Marcos Toyansk Guimarais: Os ciganos são um grupo étnico heterogêneo, originário provavelmente do subcontinente indiano e com aproximadamente 12 milhões de pessoas dispersas pelo mundo. Apesar de diversos, os grupos ciganos mantêm aspectos culturais similares, relações de parentesco e falam dialetos derivados de uma mesma raiz linguística, o romani, originário do sânscrito. O romani tem mais de sessenta dialetos, com destaque para o vlax romani, que é falado por aproximadamente metade dos ciganos.

UOL Notícias: Esta não é a primeira vez que grupos ciganos são expulsos ou reprimidos por um governo ou por forças paragovernamentais. Quais os principais momentos na história que isso aconteceu?

Guimarais: Há uma longa tradição de hostilidade contra os ciganos na Europa. Deportações, extermínio e discriminação acompanham a trajetória dos ciganos na Europa. O anticiganismo institucionalizado começou já no século 14, e perdura na Europa e em outras regiões do mundo até os nossos dias. A primeira grande manifestação foi a longa escravidão de ciganos na Valáquia e na Moldávia, que só deixou de vigorar em 1864. Durante a Inquisição ibérica, os ciganos eram, ao lado de judeus, mouros, negros e indígenas, considerados incapazes por tradição, sendo tratados como párias e inferiores.
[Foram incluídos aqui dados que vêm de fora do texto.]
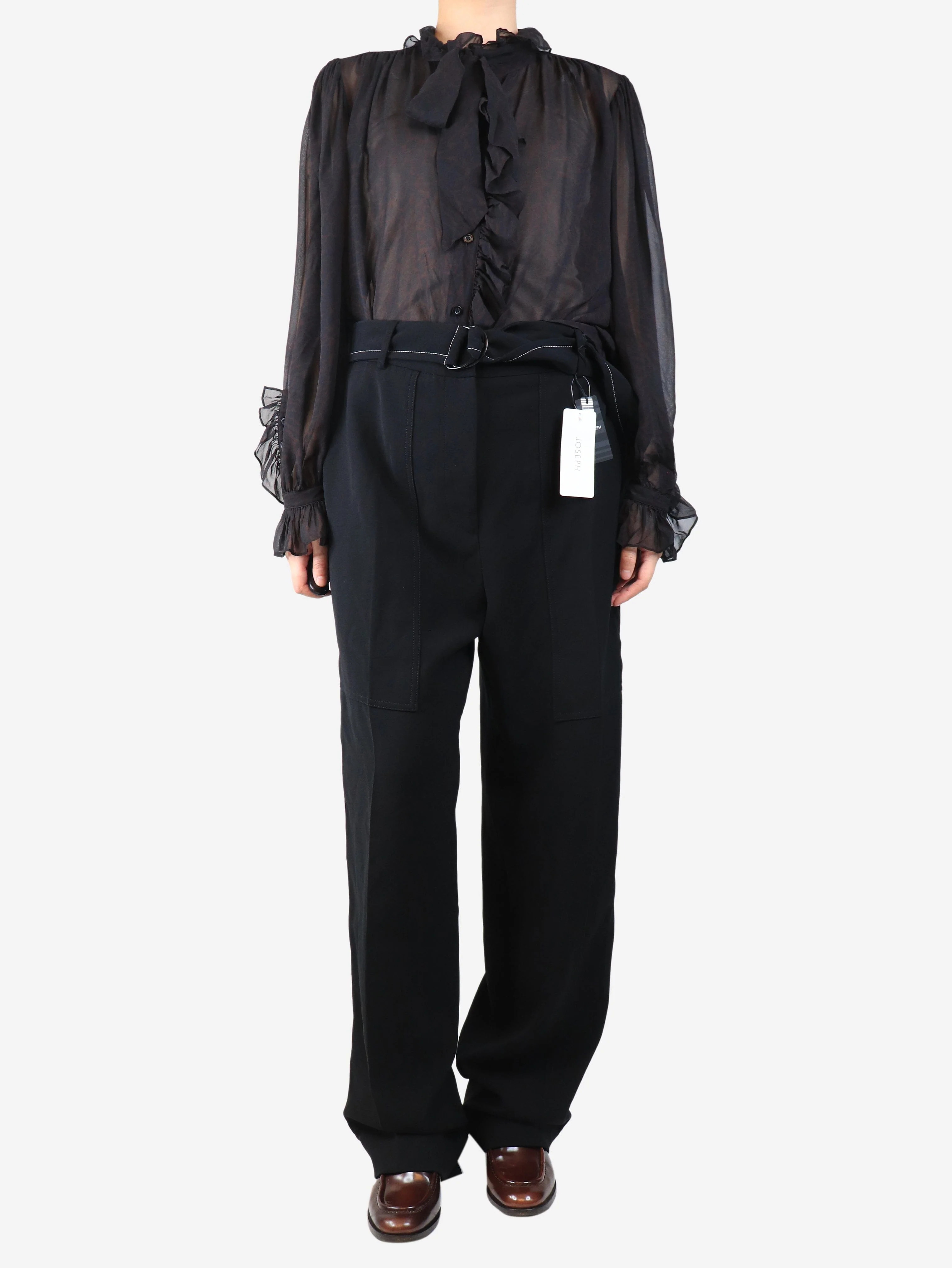 Black terry fluid twill trousers - size UK 14 - Image 2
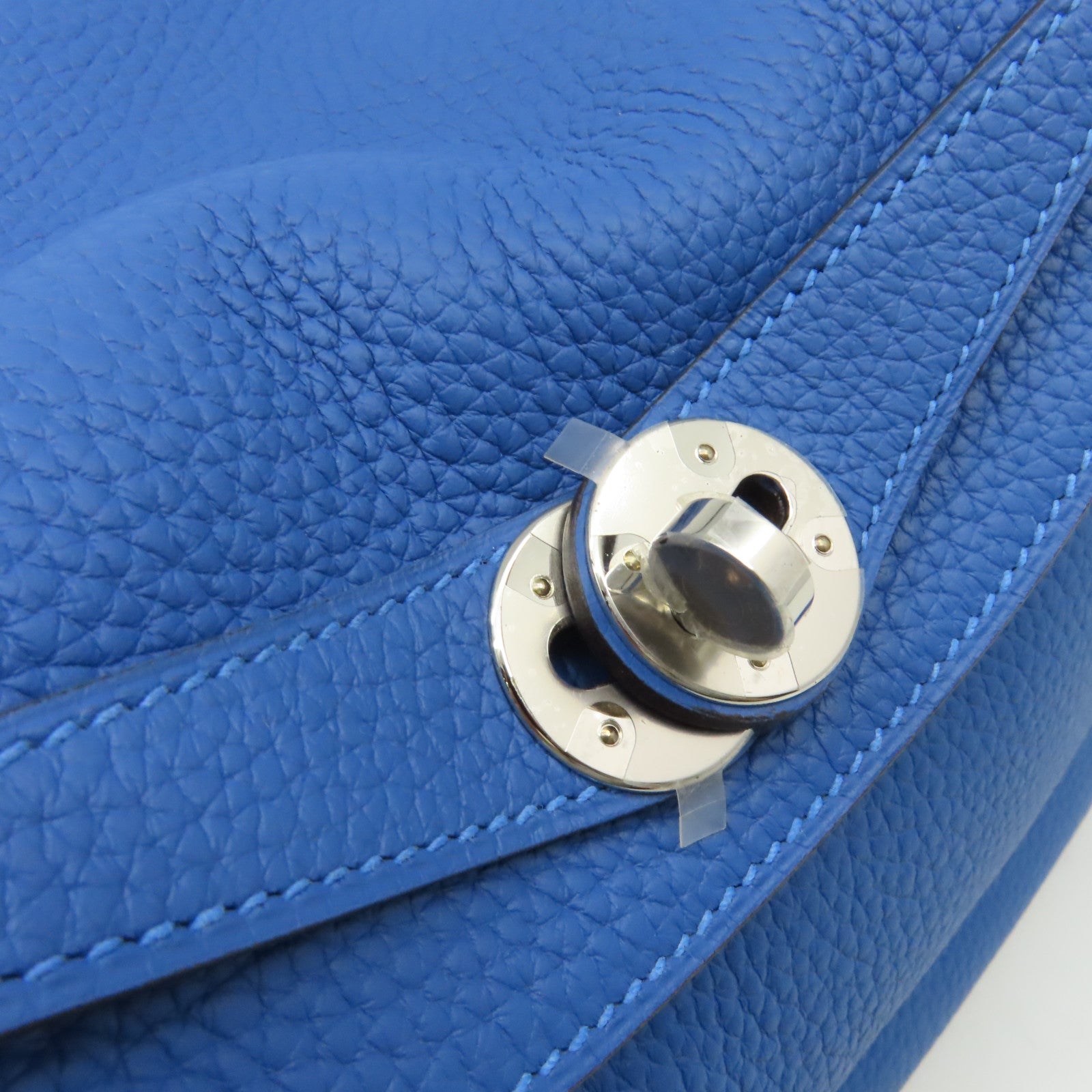 HERMES Clemence皮革Lindy 26 Shoulder Bag銀扣肩背袋Blue Royal/皇室藍色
Os ciganos também foram vítimas dos nazistas. Considerados associais e criminosos genéticos pelos nazistas, os ciganos foram excluídos da sociedade logo após a ascensão de Hitler, em 1933. Ciganos e judeus foram os dois únicos grupos étnicos a serem designados para aniquilação com base na “raça” pela ideologia nacional socialista. Estima-se que cerca de 500 mil ciganos tenham sido assassinados, e muitos milhares de outros foram esterilizados e torturados pelos nazistas durante a 2ª Guerra Mundial, no episódio conhecido como “Porraimos” (a devoração, em romani).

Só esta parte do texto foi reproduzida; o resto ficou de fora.